Because of the easy access I had to those microfilmed records, not only was I able to discover and reclaim the names and stories of 21 of our family’s direct ancestors encompassing two paternal lines and four generations, it also enabled me to embark on the remarkable journey of going about the work of recovering the family histories and genealogies of the entire slave community. My research of the Silver Bluff Slave Community of South Carolina began with those records in 1998 and continues to this day. I can say with a great deal of certainty that easy access to those microfilmed records was imperative to the successful recovery of our family’s African Ancestored enslaved history. It would have eventually happened, but it would have entailed extensive travel and come at a much greater cost; the greatest of which is time.
Ready availability of those plantation records allowed me the freedom to study them at length and in-depth and develop a methodology whereby I reconstructed the enslaved family groups and relationships within the community, determined their pre and post-emancipation surnames and identities, and then used that information to trace them and their descendants forward to the latest census records and, in many cases, to the present day. From the plantation data and post-emancipation resources I created the first comprehensive family group reports of all the individuals enslaved on Hammond’s plantations.
Through my research of these records I have been able to help “bridge the gap” and share vital information with other researchers across the country who are seeking a possible connection to the Silver Bluff community. In the case of surname changes, the information sometimes proved to be the only link that would have allowed them to clear the 1870 census hurdle and discover their enslaved ancestors.
We are all painfully aware of the challenges of trying to reconstruct bridges from the present to the past with African Ancestored research. However, the sight lines can sometimes be brought into clearer focus when there are those who are also working on the bridge from the past to the present, as well as the other way around. That is why widespread availability and easy access to slavery records is imperative. When this methodology continues to be applied to known enslavement manuscript collections and joins hands with those employing traditional approaches to African Ancestored family history research, the potential for reclaiming stories and “linking heirs to ancestors” will be dramatic.

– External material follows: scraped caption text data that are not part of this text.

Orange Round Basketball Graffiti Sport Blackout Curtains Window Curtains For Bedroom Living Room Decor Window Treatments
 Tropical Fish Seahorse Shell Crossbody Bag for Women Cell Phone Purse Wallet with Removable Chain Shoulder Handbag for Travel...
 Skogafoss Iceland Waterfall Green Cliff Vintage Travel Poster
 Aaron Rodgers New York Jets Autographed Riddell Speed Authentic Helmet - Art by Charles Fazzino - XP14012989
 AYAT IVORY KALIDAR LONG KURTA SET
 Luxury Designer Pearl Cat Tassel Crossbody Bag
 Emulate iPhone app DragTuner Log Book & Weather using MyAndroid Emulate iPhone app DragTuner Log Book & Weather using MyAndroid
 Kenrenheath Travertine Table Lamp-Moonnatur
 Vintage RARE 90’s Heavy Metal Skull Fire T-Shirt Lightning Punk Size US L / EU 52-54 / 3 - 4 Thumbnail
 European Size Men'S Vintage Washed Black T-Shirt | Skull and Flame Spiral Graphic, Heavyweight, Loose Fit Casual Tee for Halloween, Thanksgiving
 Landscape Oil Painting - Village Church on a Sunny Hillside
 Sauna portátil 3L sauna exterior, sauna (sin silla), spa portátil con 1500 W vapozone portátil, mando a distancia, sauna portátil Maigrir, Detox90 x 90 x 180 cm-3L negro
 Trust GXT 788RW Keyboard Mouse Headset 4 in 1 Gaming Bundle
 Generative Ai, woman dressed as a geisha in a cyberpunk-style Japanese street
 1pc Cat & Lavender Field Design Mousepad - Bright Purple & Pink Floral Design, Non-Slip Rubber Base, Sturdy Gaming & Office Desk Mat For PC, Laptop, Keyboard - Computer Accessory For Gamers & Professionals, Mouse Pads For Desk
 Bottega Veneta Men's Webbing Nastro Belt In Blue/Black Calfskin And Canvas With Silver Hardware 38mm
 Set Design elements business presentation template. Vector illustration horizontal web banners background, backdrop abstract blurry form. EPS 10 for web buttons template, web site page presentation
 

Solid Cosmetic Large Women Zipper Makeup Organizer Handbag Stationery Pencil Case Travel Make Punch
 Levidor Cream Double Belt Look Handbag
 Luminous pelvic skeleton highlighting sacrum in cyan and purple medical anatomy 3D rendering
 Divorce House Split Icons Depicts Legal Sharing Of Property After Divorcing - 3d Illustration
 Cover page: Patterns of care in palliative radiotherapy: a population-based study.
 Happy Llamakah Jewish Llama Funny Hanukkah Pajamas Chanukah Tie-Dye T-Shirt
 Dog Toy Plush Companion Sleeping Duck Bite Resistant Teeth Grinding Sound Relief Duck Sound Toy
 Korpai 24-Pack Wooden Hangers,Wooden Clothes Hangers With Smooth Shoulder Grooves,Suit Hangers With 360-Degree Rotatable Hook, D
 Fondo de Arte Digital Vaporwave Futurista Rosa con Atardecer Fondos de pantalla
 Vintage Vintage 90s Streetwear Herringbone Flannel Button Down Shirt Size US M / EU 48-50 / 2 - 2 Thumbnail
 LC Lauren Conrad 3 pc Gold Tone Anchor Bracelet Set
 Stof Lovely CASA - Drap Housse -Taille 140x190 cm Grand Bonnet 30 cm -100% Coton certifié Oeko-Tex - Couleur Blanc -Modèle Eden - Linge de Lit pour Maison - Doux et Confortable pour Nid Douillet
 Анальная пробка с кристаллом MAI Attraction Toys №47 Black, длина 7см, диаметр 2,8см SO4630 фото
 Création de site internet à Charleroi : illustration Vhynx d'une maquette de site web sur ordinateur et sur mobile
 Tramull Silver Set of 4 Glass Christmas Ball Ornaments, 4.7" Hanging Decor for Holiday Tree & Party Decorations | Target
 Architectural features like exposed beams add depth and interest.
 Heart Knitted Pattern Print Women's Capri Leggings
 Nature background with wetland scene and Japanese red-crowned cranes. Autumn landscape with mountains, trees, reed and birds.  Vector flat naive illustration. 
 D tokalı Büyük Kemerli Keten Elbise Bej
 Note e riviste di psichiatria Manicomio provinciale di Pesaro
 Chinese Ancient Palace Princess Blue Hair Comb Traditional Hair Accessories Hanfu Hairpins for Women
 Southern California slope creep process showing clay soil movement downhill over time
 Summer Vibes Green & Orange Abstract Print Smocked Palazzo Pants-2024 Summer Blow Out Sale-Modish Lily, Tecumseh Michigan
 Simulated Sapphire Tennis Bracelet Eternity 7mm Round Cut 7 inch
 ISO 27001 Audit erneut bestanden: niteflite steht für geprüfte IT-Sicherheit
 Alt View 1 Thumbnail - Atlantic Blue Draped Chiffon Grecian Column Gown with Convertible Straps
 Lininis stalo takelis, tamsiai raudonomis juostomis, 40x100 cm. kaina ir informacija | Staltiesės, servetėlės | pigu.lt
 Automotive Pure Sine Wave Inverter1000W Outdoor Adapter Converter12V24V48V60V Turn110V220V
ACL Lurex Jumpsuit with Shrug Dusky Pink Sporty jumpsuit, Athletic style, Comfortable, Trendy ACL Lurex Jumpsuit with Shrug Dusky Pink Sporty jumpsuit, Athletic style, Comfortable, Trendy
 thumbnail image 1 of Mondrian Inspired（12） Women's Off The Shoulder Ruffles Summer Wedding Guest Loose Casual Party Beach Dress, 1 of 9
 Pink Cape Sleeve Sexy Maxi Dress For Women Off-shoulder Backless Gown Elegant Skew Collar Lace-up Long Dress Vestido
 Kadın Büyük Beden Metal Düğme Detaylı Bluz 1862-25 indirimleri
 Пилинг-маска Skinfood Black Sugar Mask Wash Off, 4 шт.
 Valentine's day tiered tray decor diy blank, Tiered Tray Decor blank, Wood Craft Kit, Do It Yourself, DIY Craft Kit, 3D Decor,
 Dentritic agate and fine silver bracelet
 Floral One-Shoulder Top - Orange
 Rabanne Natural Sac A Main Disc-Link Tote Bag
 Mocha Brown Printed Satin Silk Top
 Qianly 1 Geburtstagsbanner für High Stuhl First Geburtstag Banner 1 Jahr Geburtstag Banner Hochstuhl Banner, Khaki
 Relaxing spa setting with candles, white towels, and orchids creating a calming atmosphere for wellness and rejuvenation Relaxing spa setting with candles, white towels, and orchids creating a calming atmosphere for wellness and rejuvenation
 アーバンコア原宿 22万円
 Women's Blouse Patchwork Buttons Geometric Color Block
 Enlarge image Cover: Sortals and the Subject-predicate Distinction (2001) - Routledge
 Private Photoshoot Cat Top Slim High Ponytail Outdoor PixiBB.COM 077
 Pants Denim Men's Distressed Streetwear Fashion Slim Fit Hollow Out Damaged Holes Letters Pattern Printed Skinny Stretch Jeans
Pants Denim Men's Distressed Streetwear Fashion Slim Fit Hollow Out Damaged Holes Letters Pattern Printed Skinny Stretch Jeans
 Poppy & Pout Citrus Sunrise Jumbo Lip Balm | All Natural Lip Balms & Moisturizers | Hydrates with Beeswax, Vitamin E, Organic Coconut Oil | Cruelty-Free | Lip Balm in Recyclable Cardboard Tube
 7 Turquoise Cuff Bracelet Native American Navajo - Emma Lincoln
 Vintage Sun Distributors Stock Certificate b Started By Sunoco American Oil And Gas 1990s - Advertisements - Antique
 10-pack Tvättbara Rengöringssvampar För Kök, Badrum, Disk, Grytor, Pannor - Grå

Of course the Internet and the digitization of a wide variety of records has made research much more convenient and accessible than it was in the 1980s and 90s when I first started, but there is still much work left to do. We must continue to provide helpful guidance about the resources that are out there and advocate for even greater access and availability of any record which can help us reclaim our lost stories.
Alane Roundtree
As always, a heartfelt thanks to you for your great work and for your willingness to share your extensive knowledge with your fellow researchers.
Thank you so much for your comment! It means alot to me to know my assorted ramblings are helpful to others searching for their lost roots. Stay tuned for more!
Robyn
I was just sitting here making a mental list of other places to look for slave info and then clicked on your post. This is invaluable! Thanks for sharing and for reminding us to think “out of the box” so to speak. I always learn something when I visit your blog!
Very interesting and encouraging! Thanks for sharing!